Now if the leftists want lower oil prices, they should call for the repeal of the 2006 Biofuels Act that helps increase the price of oil products in the country.

Yet one of the major demands of the leftists is the repeal or abolition of the Oil Deregulation Law, which allows oil companies to increase the prices of their petroleum products.

I say, the country’s Marxists missed the point. Massive regulation of the oil industry is not the answer to oil price hikes. Many countries today, including the United States, confront the same ‘oil’ problem. The government cannot order or compel oil companies to sell at a loss when domestic oil prices are being dictated by external factors.
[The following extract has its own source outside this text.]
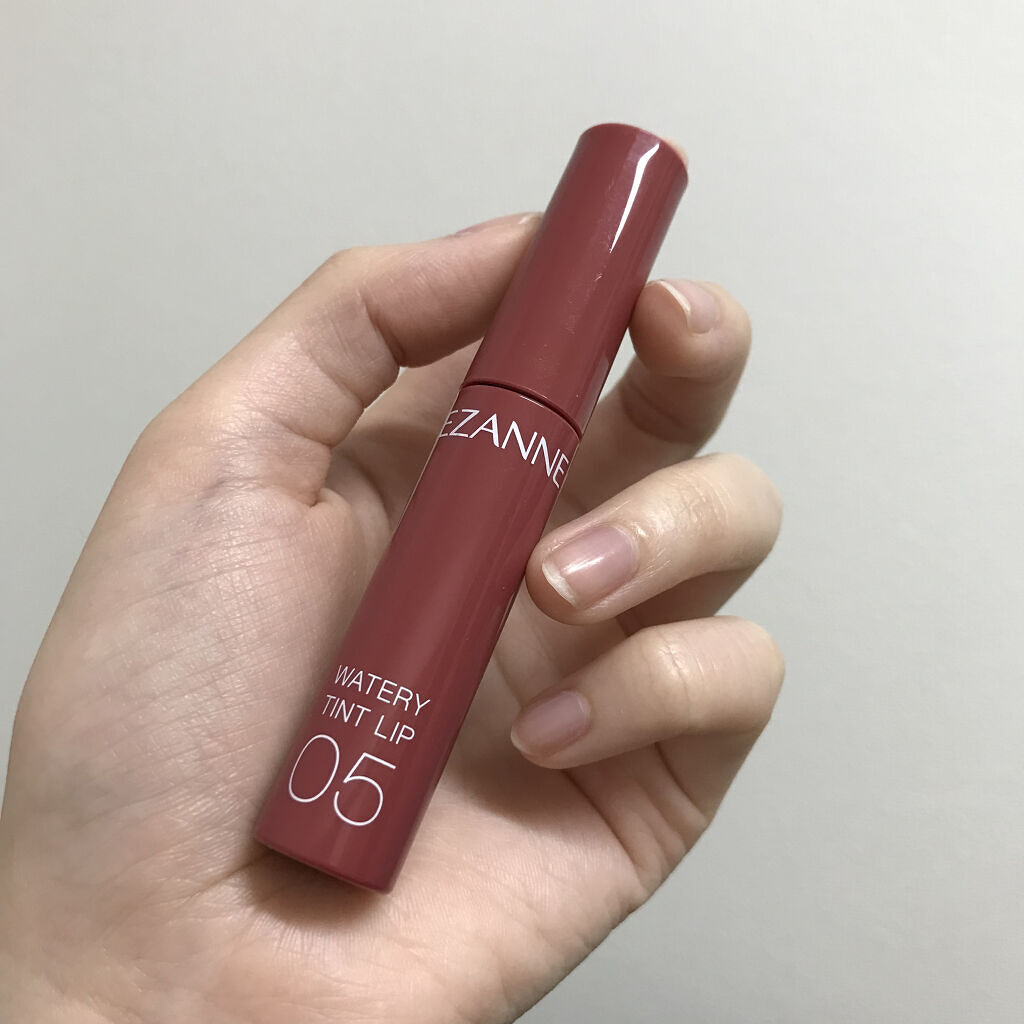 ウォータリーティントリップ/CEZANNE/リップティントを使ったクチコミ（2枚目）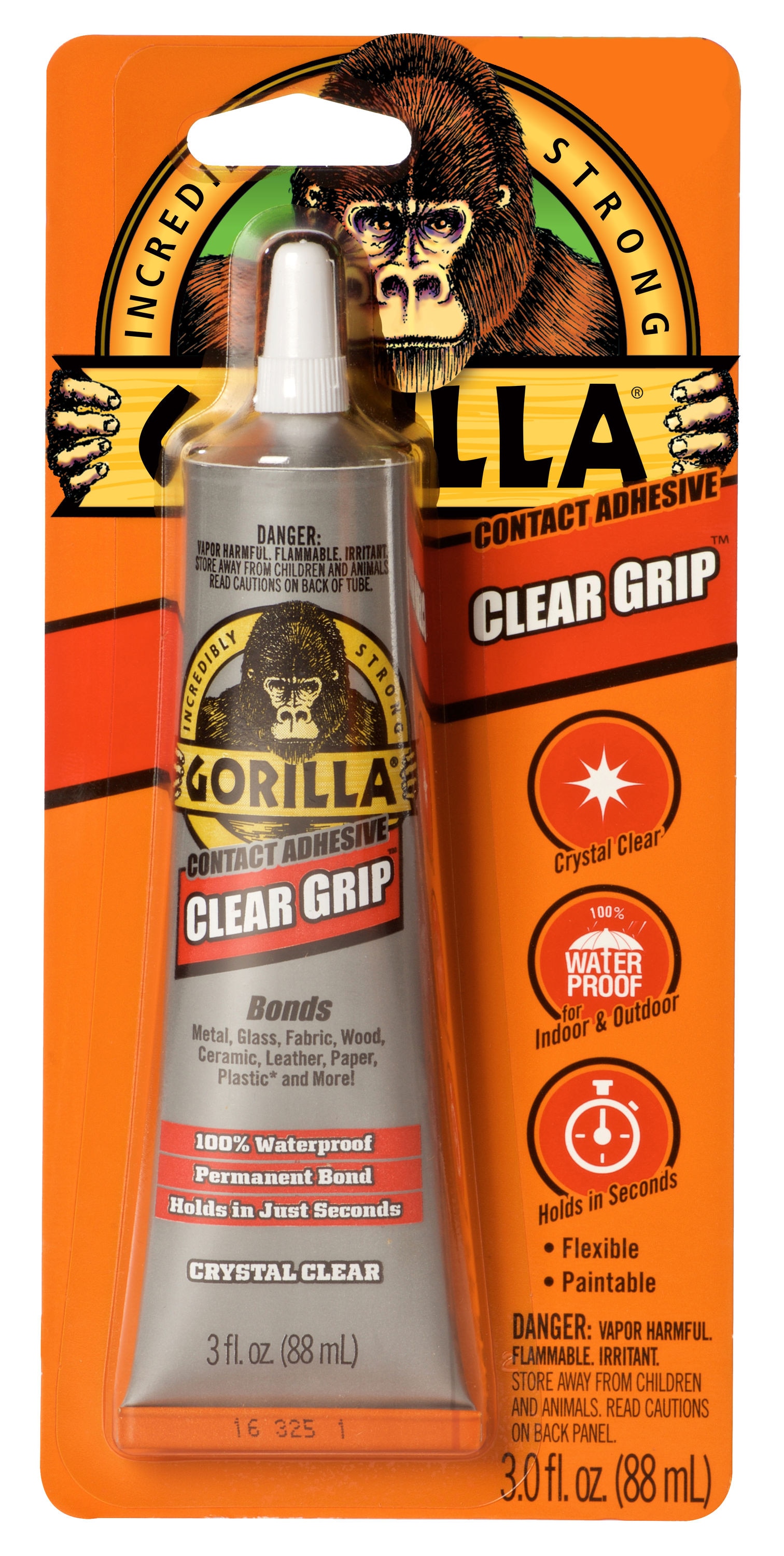 Hills Point Industries, LLC Gorilla Grip 8 Pack Extra Strong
Like I said in a previous post:

“If you want lower oil prices, then the solution is very simple: support economic freedom in the Philippines, not the legalized strangulation of business. Yes, you should advocate for the opening up of our protectionist, highly regulated economy to foreign investors to allow and attract more investors through constitutional reform. The so-called oil cartels and other cartels you all seek to abolish were all established and supported by the current political system- by the government – and by the Constitution. Thus, if you want a progressive, economically stable Philippines, you should support economic freedom, deregulation, removal of protectionism, lower taxes, and objective rule of law. Why not check your flawed premises? Try to look at it this way: it’s the government that must be- and ought to be- regulated and controlled, not industries or the private sector. Freedom from government intervention is what this country badly needs!”

By carefully connecting the dots, one can objectively understand the real story and ideological motivation behind this ‘Noynoying’ propaganda. Any rational, pro-reason, pro-capitalist individual must not join— but instead expose the ideology behind— the anti-Noynoying mob. Not all anti-government propaganda is pro-freedom. In this country, most anti-government movements are motivated by Leftism or Marxism. The clueless people behind these leftist movements simply want to replace our mixed economy bordering on socialism with an absolute socialist, welfare state.

In regard to certain economic problems like oil price hikes and education subsidies, yes, the President should do nothing. Instead, he should support the abolition of the 1987 Constitution and call for a national transition toward a free market economy by opening our country to foreign investors, downsizing the government, guaranteeing economic freedom, abolishing welfare programs and government-owned and controlled entities, cutting taxes, and focusing on the real concept of individual rights.